GOAL OF THE EXERCISE — All the data that follows should be repeated exactly, without a single picture.

SUPPLIED INFORMATION —
*** Block opens ***
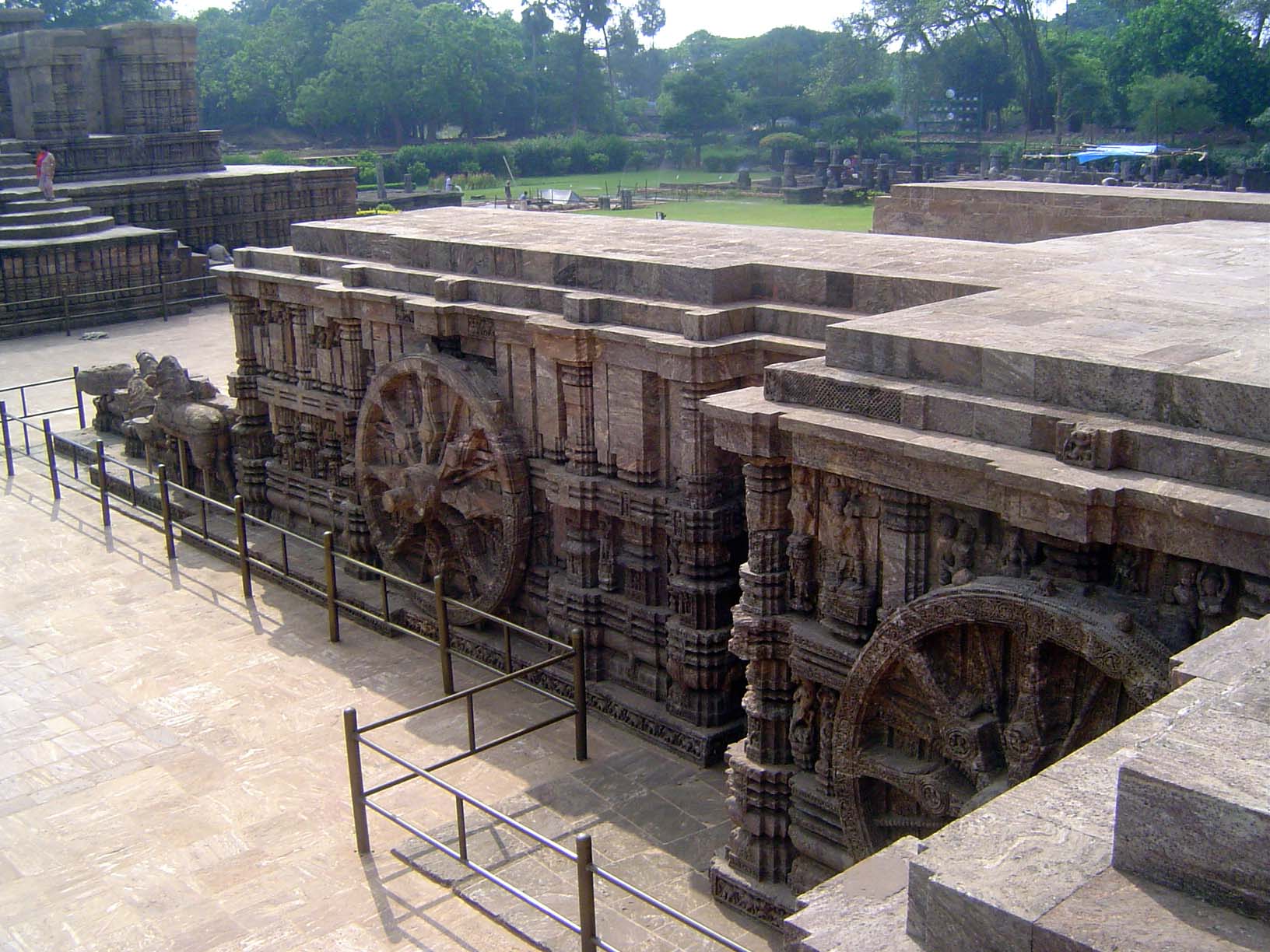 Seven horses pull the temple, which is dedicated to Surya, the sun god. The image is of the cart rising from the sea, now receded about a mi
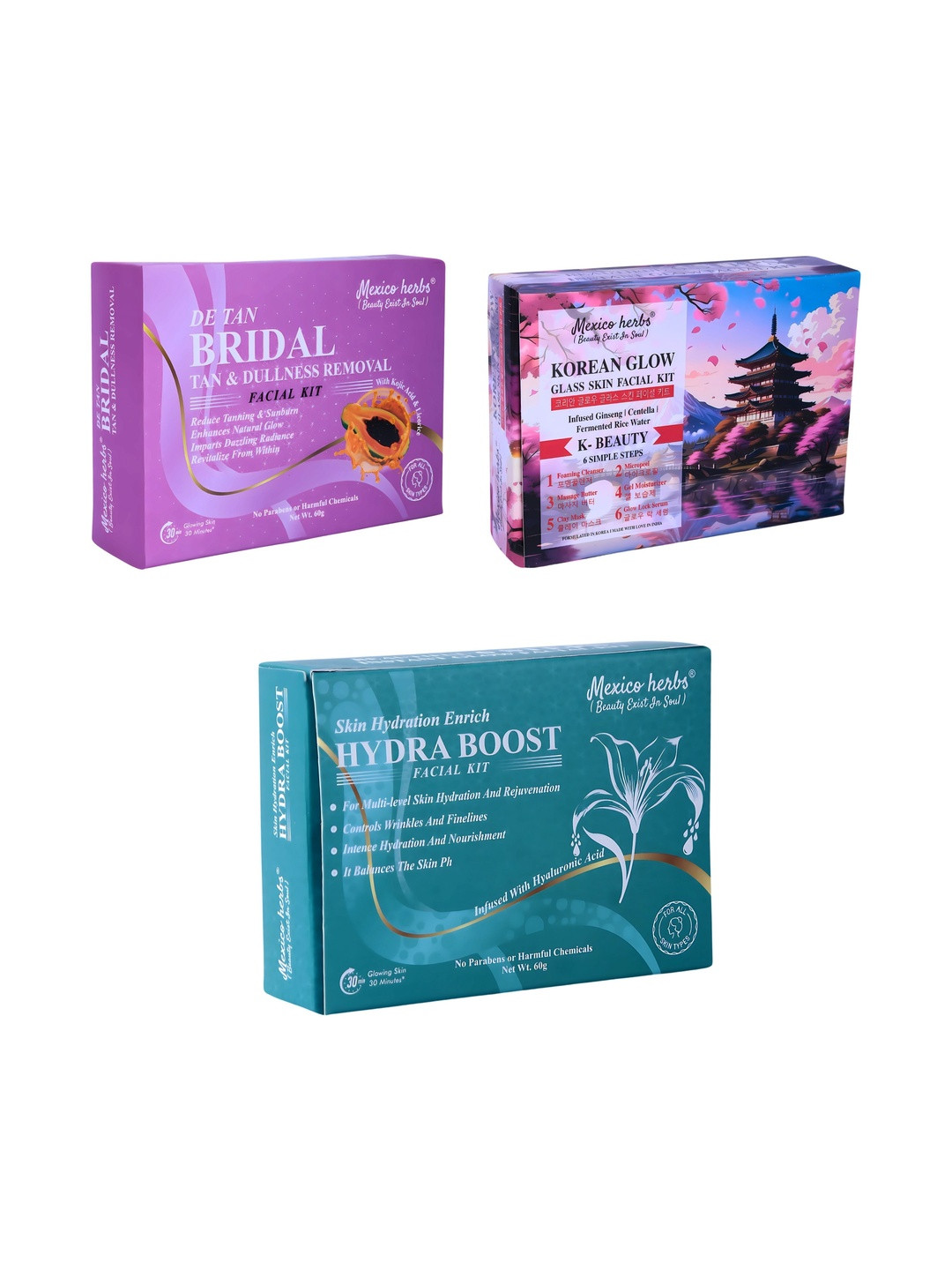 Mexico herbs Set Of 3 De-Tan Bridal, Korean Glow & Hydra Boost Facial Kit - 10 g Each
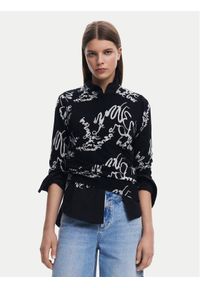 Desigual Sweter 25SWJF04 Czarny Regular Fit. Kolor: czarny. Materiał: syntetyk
*** Block closes ***
EXPECTED ANSWER —
 Seven horses pull the temple, which is dedicated to Surya, the sun god. The image is of the cart rising from the sea, now receded about a mi
 Mexico herbs Set Of 3 De-Tan Bridal, Korean Glow & Hydra Boost Facial Kit - 10 g Each
 Desigual Sweter 25SWJF04 Czarny Regular Fit. Kolor: czarny. Materiał: syntetyk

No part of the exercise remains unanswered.